[Brief] Where the records below show a line containing "São Paulo, Flamengo e Internacional", start copying; end with the line containing "La Colombe Draft", and copy it too.

#### Material to process

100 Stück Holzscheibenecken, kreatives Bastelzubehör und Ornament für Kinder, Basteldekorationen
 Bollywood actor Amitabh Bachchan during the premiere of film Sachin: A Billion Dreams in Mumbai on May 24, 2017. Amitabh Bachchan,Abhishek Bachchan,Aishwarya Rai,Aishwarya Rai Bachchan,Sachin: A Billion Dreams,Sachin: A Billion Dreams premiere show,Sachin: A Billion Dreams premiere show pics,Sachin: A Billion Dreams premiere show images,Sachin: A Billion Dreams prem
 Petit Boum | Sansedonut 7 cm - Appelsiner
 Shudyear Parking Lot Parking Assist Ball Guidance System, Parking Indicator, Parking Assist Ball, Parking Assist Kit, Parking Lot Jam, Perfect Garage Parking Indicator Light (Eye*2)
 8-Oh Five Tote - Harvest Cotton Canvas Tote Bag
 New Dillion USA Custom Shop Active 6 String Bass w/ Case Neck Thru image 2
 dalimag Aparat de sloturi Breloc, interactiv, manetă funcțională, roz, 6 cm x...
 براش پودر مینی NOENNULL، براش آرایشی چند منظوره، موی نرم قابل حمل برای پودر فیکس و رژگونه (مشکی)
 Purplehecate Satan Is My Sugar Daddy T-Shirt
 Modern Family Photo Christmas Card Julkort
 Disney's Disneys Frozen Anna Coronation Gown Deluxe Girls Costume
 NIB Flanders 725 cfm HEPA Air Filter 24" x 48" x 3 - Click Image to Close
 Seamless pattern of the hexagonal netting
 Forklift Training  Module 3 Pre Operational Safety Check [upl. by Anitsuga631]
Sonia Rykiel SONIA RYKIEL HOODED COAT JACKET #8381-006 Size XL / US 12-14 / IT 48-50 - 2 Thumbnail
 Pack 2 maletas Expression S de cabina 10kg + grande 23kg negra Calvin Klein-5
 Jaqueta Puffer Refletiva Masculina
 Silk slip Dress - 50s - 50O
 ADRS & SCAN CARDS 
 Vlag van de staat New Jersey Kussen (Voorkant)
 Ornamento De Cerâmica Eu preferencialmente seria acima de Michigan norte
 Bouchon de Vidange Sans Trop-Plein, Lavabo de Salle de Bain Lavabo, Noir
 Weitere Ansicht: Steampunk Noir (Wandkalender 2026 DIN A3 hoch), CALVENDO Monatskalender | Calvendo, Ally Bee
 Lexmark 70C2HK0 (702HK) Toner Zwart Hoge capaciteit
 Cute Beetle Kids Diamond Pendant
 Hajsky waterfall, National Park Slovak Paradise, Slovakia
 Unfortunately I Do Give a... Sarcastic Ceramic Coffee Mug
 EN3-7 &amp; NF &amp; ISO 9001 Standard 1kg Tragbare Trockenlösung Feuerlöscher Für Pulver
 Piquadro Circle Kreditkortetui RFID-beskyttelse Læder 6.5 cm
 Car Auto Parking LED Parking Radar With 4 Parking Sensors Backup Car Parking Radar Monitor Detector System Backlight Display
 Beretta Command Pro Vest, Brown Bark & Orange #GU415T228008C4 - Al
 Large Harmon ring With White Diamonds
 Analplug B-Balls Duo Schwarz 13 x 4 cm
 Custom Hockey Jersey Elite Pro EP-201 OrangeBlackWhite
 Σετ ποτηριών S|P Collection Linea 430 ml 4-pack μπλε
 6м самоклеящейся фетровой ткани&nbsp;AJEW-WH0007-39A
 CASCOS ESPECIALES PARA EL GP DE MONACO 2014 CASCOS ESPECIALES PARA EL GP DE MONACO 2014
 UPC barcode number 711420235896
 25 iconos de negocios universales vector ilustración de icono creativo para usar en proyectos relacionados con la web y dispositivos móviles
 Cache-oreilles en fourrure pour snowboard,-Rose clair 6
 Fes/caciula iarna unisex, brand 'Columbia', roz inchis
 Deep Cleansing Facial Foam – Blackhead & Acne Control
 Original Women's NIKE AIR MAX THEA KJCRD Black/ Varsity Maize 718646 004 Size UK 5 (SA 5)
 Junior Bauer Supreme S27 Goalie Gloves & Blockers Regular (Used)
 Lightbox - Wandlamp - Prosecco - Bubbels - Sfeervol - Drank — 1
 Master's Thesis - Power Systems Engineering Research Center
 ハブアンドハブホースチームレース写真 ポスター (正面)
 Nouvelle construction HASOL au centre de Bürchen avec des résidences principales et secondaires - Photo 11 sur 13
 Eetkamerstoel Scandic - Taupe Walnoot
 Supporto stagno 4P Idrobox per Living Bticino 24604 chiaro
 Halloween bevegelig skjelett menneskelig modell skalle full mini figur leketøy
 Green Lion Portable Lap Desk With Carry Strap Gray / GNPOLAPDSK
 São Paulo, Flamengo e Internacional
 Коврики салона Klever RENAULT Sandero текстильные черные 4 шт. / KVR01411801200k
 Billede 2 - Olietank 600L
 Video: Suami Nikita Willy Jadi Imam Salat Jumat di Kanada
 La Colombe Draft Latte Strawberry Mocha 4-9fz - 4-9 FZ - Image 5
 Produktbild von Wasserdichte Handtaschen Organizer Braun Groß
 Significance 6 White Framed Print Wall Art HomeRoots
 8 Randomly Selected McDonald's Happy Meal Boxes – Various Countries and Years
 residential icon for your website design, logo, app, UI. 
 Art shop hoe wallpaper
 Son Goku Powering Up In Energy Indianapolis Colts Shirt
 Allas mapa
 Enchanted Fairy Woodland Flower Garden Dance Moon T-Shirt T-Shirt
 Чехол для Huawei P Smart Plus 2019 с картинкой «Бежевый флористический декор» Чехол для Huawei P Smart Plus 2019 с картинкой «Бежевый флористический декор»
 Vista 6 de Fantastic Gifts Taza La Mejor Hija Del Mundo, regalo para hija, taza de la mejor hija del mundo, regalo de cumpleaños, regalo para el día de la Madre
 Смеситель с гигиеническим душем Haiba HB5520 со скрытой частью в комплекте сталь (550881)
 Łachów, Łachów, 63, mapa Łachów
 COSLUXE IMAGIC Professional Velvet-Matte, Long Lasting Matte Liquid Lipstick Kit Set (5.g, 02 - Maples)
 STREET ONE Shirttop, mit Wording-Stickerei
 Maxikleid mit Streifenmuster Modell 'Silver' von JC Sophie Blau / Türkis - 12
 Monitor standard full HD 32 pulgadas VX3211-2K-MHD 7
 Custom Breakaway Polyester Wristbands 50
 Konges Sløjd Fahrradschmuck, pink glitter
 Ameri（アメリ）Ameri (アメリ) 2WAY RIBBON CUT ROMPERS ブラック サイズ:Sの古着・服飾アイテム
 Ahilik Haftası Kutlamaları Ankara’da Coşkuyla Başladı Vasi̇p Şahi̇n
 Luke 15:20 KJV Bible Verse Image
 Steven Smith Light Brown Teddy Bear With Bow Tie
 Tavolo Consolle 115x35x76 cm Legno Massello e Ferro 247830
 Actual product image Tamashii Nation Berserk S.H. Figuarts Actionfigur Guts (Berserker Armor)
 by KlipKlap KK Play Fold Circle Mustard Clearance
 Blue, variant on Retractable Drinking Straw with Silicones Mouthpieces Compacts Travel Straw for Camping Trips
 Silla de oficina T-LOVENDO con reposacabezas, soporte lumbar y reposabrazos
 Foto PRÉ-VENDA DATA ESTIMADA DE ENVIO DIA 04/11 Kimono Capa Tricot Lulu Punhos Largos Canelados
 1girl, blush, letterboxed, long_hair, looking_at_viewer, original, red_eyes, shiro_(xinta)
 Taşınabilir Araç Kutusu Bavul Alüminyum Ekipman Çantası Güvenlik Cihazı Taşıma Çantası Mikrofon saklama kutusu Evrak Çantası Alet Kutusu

########

[Solution for this problem]
 São Paulo, Flamengo e Internacional
 Коврики салона Klever RENAULT Sandero текстильные черные 4 шт. / KVR01411801200k
 Billede 2 - Olietank 600L
 Video: Suami Nikita Willy Jadi Imam Salat Jumat di Kanada
 La Colombe Draft Latte Strawberry Mocha 4-9fz - 4-9 FZ - Image 5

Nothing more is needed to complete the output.